The opening cutscene of Loot Rascals, largely narrated by a teapot-headed British spaceman, establishes the game’s strange tone well. Instead of arriving at a holiday-resort planet to restore a medical unit's antenna as intended, you crash on an alien moon and find yourself battling against the game’s eponymous “rascals” that have stolen the medical unit. To get it back, you’ll need to trek through five randomly generated levels, battling or avoiding the moon’s many aggressors.
Loot Rascals is wacky in a way that feels genuine; the art style and creature design in particular feel like the work of artists who watched a lot of The Ren & Stimpy Show as kids and soaked up its playful grotesquery.

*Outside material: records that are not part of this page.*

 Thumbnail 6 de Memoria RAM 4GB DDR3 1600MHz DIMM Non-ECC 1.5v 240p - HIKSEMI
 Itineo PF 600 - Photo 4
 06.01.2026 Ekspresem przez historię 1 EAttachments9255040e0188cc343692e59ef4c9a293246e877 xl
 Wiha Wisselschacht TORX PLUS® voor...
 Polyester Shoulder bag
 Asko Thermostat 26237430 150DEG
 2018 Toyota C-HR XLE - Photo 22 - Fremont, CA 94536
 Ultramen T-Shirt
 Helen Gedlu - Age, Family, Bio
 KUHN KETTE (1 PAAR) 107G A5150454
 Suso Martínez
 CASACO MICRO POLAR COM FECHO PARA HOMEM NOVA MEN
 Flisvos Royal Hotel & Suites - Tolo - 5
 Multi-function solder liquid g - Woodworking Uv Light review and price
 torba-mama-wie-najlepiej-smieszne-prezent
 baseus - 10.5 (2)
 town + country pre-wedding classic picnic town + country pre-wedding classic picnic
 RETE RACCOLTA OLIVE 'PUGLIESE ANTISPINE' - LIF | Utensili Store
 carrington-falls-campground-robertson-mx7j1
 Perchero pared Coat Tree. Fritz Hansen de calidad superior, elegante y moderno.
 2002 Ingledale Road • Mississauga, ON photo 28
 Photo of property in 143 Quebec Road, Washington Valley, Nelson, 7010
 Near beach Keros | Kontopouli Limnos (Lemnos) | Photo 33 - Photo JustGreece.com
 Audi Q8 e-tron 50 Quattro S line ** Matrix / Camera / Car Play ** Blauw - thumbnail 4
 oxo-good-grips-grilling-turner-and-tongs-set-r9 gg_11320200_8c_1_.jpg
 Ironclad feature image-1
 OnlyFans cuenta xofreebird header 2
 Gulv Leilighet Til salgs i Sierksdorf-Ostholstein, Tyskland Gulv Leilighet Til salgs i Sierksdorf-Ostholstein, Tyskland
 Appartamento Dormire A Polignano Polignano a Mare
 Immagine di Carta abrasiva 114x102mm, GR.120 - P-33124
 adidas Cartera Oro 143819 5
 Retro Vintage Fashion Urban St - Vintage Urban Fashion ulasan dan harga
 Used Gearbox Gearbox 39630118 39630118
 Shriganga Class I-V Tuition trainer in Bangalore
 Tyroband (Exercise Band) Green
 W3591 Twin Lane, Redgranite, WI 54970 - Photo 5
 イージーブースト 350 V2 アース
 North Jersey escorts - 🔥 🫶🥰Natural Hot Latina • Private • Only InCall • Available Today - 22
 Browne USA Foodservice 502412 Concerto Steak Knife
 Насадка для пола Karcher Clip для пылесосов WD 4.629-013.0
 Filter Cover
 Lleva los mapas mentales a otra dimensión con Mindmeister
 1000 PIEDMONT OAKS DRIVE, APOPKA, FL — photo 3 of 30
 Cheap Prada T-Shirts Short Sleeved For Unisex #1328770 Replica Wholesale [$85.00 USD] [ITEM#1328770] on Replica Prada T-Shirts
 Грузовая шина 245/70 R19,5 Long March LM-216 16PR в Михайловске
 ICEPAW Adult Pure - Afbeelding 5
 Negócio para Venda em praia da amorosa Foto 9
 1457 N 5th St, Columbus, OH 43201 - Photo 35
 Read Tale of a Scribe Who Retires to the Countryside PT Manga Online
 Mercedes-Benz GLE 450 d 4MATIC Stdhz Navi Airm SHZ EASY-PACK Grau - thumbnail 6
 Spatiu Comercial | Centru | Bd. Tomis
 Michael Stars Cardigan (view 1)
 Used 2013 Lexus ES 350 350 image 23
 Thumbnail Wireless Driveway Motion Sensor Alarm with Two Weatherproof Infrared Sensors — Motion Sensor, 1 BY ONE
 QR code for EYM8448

The action in Loot Rascals unfolds in a turn-based fashion. You move between hexagonal spaces, uncovering each area as you go, and either fight or circumvent enemies you encounter. Your goal is to find the warp spaces in each zone and make it to the fifth level to escape. Your attack and defense ratings are determined by the cards you’ve collected from defeated enemies. Meanwhile, enemies toggle between attack and defense modes on a day-night cycle that sees the sun or moon rise every five turns. Battles are automatically triggered when you and an enemy are on the same space. You want to attack foes while they’re defending because you’ll score the first hit--and, if your attack rating is high enough, you’ll be able to take them out before they get their chance to counterattack.
It’s a solid core system, especially if you manage to get your hands on some strong cards early on. Several have different mutations that can strengthen your stats or grant new abilities. You can equip eight cards at once and hold six others, and where you place them in your “hand” matters--a card may power up all others to its right, for example, or lose all power if placed in the top row. Balancing your cards and figuring out the best combinations based on what you have is one of the game’s more rewarding elements.
Loot Rascals’ core problem is repetition. This is, admittedly, a core part of the roguelike experience, where if you're ever defeated in battle, you lose all of you progress and must start a new playthrough. But the best games in the genre find ways to keep the early stages interesting during repeated plays. While the levels themselves are randomly generated, each stage’s main enemies and features are largely the same each time. While being fastidious, checking your map as it reveals itself, and picking your battles are all important, there’s a strong element of luck to Loot Rascals that becomes grating after a while. A handful of truly powerful, useful cards can greatly increase your chances of progress, so if you don’t encounter any of them early on, the uphill battle you’re fighting can start to feel insurmountable.
Over hours of play, your success starts to feel arbitrary, and fighting your way through the first area over and over again feels rote and dull.
If you’re not loaded up with cards augmented with abilities--which allow you to hit enemies from a distance with attacks and distractions--progress can stagnate. Enemies have different movement patterns and abilities, but none of them truly shake up the gameplay. It’s rare that you’ll be in a position to use your environment to your advantage or employ tactics beyond attacking or running away. The lack of a story outside of the opening and closing cutscenes means that runs never feel like narrative adventures the way they do in some stronger roguelikes. You never die with a sense that something exciting just happened, or that tragedy struck--only a sense of annoyance at needing to start over.
The game does provide some help, at least: if you find a certain card in each area and return it to a character at your starting point you’ll unlock extra abilities, including a super helpful “reveal the full map” ability in the second area. However, if you don’t happen across the good cards while venturing around each map, it becomes very difficult to progress. Over hours of play, your success starts to feel arbitrary, and fighting your way through the first area over and over again feels rote and dull.
Loot Rascal's simplicity ends up weakening its prospects as a long-term time investment and it’s not the kind of game that leaves you feeling like you’ve learned much from your losses. The only progress that carries over between playthroughs depends on the kindness of other players: when you die, the enemy that kills you can snatch one of your cards, and if another player encounters that enemy in their game and vanquishes the foe, they can choose to return that card to you, lest their game be haunted by your vengeful ghost.
Loot Rascals card and deck systems are enticing, and its singular aesthetic and strange sense of humor make the game fundamentally likable early on. After a few hours, however, it feels like there isn't a lot to gain for all the effort you're asked to put in. There are fleeting moments of joy when a strategic card collection lets you steamroll through the enemy forces, but the monotony of getting to those moments wears you down in the end.